|Title||Coral communities of Hong Kong: Long-lived corals in a marginal reef environment|
|Publication Type||Journal Article|
|Year of Publication||2011|
|Authors||Goodkin NF, Switzer AD, McCorry D, DeVantier L, True JD, Hughen KA, Angeline N, Yang T.T.|
|Journal||Marine Ecology Progress Series|
Hong Kong's coastal waters afford a marginal environment for coral reef growth, with high seasonal and short-term variability in water temperatures (ranging from < 14 degrees C in winter to 31 degrees C in summer), and low summer salinity (as low as 15 psu) due to runoff associated with the Asian wet monsoon season and the Pearl River Delta. Yet Hong Kong hosts 84 reef-building coral species in 28 genera of 12 families of the Scleractinia, distributed in 5 broad communities with strong geographic and environmental affinities and key indicator species.

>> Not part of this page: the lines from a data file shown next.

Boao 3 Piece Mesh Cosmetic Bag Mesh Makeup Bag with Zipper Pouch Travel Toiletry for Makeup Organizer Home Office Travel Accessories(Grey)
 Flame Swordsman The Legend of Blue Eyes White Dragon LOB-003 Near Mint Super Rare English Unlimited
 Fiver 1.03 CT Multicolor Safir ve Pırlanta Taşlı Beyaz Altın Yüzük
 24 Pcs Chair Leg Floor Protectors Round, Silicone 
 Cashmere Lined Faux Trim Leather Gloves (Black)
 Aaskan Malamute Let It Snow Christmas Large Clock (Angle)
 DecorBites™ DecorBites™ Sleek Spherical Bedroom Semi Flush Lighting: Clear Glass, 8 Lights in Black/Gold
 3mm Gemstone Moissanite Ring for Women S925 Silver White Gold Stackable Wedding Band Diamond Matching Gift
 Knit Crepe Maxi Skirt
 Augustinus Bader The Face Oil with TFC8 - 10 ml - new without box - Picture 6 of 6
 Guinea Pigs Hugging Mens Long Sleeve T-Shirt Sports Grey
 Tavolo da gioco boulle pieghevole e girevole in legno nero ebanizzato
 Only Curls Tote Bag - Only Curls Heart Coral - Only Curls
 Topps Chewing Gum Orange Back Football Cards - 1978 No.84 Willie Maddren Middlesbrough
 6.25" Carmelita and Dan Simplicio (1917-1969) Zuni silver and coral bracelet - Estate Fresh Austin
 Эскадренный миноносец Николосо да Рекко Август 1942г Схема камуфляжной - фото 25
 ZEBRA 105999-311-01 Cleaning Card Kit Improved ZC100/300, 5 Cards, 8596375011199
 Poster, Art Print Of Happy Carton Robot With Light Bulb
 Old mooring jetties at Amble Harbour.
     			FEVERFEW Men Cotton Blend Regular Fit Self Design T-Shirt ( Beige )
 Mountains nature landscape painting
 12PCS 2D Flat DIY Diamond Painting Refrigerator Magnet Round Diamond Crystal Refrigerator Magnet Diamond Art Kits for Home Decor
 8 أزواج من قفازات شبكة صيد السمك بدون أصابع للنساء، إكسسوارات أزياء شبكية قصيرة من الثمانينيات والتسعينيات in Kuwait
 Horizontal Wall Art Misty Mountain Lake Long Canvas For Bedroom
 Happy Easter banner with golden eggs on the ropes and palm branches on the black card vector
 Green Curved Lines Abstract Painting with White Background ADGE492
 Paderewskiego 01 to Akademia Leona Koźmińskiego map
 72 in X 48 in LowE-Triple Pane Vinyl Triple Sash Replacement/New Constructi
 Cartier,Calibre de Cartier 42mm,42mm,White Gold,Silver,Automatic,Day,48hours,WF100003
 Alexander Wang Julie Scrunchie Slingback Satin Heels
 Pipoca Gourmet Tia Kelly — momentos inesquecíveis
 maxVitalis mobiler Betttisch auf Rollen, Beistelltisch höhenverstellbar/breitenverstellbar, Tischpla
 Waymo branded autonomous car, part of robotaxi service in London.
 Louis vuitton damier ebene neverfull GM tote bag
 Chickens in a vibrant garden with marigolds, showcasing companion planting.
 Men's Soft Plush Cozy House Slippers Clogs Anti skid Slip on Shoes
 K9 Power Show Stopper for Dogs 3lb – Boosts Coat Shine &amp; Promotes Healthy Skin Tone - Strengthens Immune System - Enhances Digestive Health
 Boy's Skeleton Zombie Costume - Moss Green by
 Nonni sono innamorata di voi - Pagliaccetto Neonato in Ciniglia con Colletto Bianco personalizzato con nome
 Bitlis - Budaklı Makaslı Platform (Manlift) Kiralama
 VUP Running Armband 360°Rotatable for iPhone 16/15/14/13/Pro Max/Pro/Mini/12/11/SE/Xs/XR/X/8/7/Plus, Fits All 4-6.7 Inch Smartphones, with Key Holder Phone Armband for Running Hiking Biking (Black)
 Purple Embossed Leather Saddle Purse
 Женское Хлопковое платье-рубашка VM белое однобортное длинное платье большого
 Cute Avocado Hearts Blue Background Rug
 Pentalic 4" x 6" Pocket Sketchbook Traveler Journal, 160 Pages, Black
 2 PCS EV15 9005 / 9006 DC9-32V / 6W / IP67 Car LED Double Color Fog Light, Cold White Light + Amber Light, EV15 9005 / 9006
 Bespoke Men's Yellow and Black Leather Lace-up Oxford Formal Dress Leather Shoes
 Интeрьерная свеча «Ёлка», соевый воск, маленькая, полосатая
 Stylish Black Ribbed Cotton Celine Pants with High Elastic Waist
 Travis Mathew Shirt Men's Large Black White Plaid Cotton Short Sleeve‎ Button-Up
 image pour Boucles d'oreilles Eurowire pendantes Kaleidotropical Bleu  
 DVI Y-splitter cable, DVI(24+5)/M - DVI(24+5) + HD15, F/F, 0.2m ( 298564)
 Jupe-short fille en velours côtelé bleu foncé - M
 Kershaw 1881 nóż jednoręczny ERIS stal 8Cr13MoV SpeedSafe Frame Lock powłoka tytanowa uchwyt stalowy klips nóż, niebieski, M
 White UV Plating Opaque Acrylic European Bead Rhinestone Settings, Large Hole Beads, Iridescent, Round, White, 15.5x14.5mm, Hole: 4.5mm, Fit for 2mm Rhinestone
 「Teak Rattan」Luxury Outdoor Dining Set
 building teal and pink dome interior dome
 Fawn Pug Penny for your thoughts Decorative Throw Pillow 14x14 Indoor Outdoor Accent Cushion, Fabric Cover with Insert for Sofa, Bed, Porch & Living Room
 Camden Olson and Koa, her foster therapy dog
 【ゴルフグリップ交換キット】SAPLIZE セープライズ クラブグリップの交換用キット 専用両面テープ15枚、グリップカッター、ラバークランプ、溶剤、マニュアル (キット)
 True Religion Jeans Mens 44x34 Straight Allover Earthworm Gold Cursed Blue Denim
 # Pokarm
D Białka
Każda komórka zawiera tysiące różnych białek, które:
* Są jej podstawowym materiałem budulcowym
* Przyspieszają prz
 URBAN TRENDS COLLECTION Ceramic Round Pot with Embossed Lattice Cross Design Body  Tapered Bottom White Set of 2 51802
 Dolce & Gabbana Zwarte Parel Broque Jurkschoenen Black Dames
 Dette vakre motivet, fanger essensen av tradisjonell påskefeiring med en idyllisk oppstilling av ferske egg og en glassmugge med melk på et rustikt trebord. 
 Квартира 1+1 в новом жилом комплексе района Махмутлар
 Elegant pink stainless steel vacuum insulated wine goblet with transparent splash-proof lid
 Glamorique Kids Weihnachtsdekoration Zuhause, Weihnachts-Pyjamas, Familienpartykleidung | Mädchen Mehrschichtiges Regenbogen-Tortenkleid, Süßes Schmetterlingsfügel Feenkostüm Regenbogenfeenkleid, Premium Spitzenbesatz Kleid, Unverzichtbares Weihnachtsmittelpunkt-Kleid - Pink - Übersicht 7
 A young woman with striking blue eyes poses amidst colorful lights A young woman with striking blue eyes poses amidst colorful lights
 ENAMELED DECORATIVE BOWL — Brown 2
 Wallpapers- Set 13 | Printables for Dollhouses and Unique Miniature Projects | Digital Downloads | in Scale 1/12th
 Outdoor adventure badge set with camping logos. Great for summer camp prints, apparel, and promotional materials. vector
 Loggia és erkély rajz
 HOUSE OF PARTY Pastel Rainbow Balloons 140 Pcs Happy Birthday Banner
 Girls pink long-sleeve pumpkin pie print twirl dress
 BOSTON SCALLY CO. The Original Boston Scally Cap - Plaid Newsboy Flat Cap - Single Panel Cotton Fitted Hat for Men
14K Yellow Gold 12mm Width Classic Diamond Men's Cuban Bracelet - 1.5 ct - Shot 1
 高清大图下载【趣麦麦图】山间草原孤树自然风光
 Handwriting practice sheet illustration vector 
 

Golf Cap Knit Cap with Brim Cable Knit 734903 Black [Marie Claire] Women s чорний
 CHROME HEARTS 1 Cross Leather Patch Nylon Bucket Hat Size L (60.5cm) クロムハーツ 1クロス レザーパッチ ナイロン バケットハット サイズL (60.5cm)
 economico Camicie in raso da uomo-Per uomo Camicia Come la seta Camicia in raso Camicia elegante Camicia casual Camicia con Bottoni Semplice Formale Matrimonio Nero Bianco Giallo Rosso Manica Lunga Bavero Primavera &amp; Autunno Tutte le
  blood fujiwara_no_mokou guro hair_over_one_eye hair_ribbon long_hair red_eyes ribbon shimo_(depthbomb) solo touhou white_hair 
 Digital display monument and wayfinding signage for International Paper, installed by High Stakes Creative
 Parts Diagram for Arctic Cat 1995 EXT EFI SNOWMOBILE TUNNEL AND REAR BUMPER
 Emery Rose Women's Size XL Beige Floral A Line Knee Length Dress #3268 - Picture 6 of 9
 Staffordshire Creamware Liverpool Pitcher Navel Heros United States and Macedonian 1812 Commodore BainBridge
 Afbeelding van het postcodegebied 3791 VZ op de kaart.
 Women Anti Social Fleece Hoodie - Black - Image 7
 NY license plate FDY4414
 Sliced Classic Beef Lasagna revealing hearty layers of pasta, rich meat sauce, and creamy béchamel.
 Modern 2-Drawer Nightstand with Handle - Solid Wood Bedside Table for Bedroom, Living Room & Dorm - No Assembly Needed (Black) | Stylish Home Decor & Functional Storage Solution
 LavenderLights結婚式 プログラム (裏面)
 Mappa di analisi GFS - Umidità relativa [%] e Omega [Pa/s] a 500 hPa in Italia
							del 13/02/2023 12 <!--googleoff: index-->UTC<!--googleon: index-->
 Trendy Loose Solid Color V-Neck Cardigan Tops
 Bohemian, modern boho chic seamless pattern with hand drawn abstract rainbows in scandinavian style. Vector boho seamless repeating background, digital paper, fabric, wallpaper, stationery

Coral communities farthest from the influence of the Pearl River Delta have relatively high sea bed coverage and species diversity (30 to 50% coverage, and > 30 spp. per site), and also host some large, old corals. X-radiographs of a core of one massive Porites colony confirms similar to 200 yr of growth, with 2 short-term periods of mortality, hidden in the skeleton by overgrowth. Very low linear extension rates (< 4 mm yr(-1)) in this coral and 2 others are anomalous for Porites corals and are indicative of the high-stress environment. Low growth rates suggest that other Hong Kong corals, despite the harsh environmental conditions, may also live for centuries, contributing to the development of 'incipient reefs'.